### ACTIVITY
Pictures are to be left out; every line from the one that holds "Skulle vi vägra" to the end of the data is to be retyped exactly.

### Pictures with short captions
== == ==

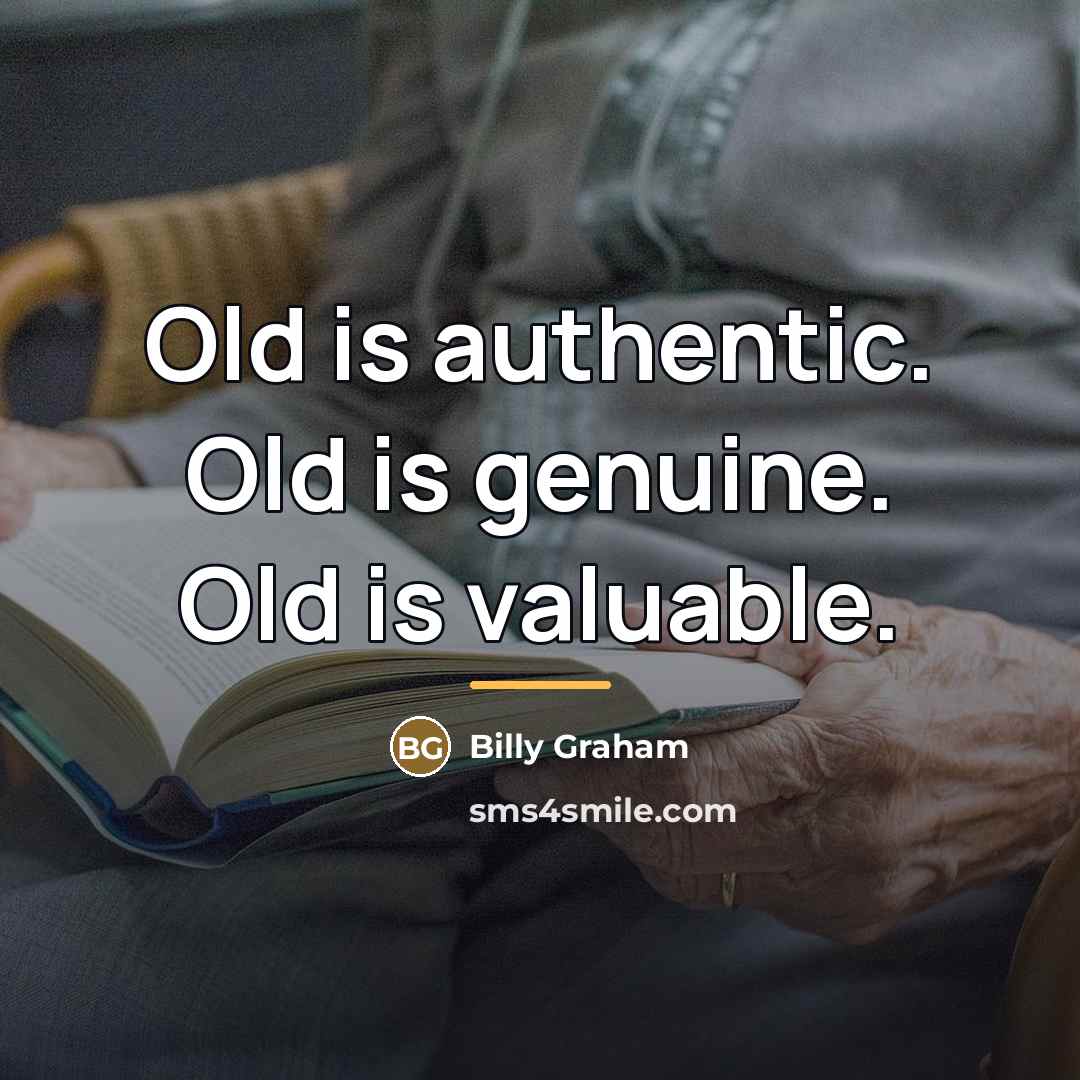 “Old is authentic. Old is genuine. Old is valuable.…” quote by Billy Graham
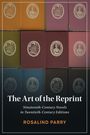 Rosalind Parry: The Art of the Reprint, Buch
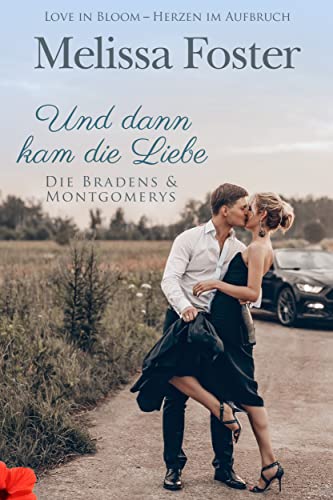 Und dann kam die Liebe (Die Bradens & Montgomerys, Pleasant Hill – Oak Falls 9)
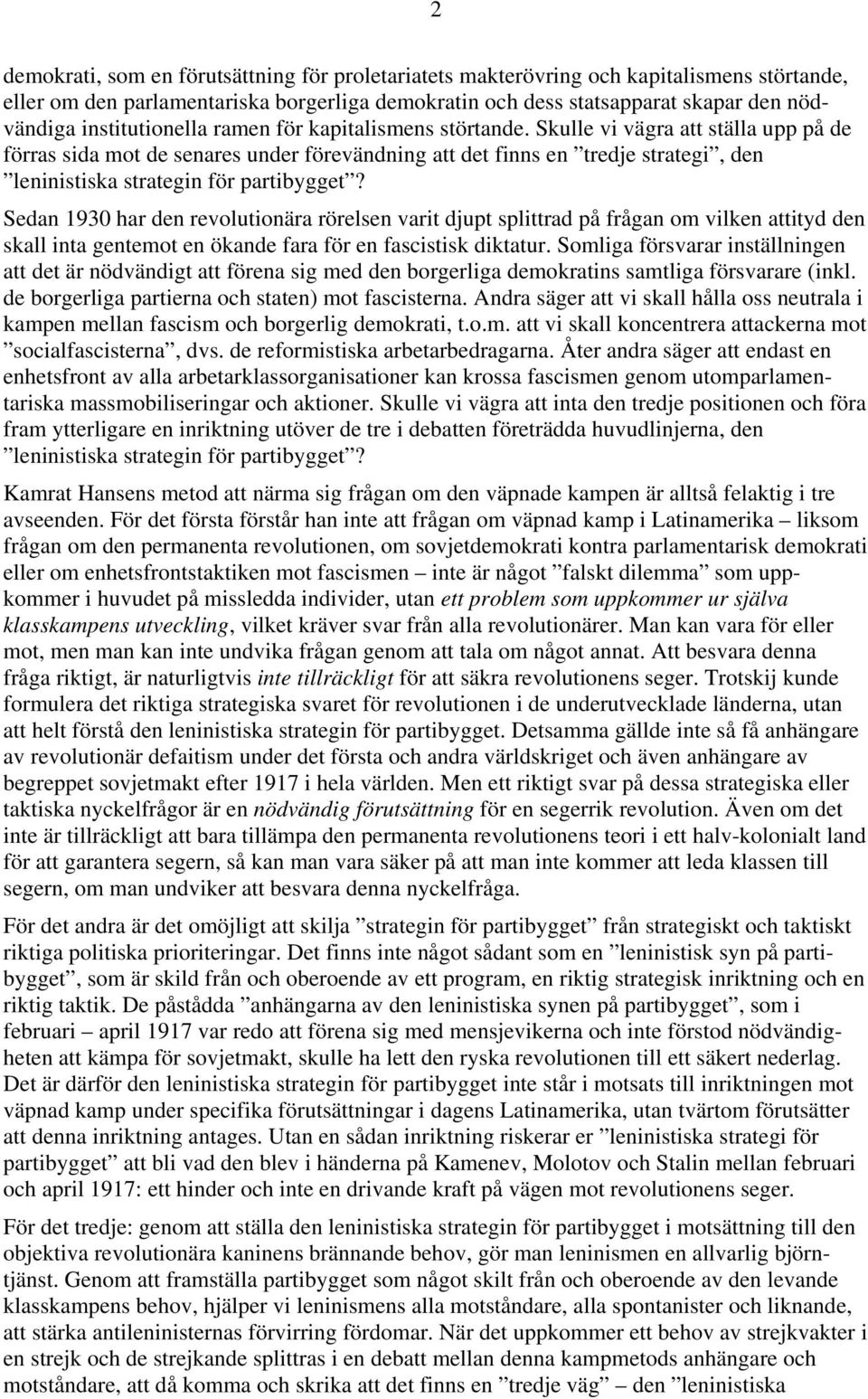 Skulle vi vägra att ställa upp på de förras sida mot de senares under förevändning att det finns en tredje strategi, den leninistiska strategin för partibygget?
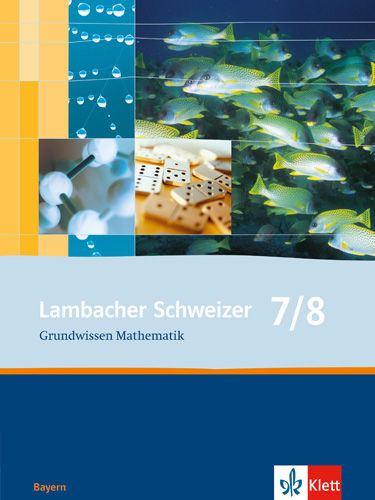 Lambacher Schweizer Mathematik Grundwissen 7/8. Ausgabe Bayern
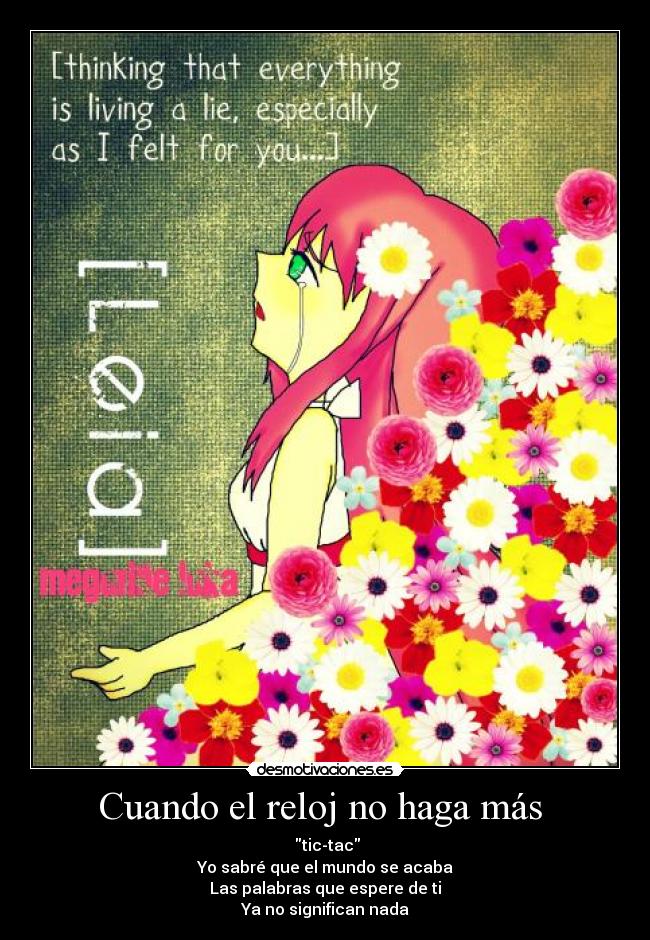 Cuando el reloj no haga más - tic-tac
Yo sabré que el mundo se acaba
Las palabras que espere de ti
Ya no significan nada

== == ==

### SOLUTION FOR THIS TASK
 Skulle vi vägra att ställa upp på de förras sida mot de senares under förevändning att det finns en tredje strategi, den leninistiska strategin för partibygget?
 Lambacher Schweizer Mathematik Grundwissen 7/8. Ausgabe Bayern
 Cuando el reloj no haga más - tic-tac
Yo sabré que el mundo se acaba
Las palabras que espere de ti
Ya no significan nada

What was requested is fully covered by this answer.